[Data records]
* * *

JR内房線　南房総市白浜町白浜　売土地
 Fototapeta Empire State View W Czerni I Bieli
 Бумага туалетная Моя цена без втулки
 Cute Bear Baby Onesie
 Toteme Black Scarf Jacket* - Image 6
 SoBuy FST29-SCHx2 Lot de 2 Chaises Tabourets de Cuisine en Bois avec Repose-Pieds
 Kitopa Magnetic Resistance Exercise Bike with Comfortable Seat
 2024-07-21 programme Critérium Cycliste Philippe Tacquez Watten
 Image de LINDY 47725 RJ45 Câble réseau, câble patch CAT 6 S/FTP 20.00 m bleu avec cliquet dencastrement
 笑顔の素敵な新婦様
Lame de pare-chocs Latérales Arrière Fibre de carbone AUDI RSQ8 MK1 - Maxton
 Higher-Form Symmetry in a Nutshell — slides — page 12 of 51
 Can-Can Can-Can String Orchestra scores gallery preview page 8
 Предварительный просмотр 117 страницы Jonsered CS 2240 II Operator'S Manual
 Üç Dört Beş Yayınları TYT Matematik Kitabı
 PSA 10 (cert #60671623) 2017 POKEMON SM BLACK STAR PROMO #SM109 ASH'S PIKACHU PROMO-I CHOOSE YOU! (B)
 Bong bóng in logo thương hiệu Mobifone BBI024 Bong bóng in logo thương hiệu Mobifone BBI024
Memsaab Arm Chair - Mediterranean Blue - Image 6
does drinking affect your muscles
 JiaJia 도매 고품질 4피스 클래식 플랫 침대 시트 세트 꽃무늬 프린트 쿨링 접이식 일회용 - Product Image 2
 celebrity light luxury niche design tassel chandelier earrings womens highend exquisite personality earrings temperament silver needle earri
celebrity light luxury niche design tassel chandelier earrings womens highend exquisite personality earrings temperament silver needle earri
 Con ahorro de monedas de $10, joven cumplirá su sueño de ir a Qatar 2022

* * *

#### Task statement
Go through the records above and return each line in which the word "womens" occurs.

#### Response
 celebrity light luxury niche design tassel chandelier earrings womens highend exquisite personality earrings temperament silver needle earri
celebrity light luxury niche design tassel chandelier earrings womens highend exquisite personality earrings temperament silver needle earri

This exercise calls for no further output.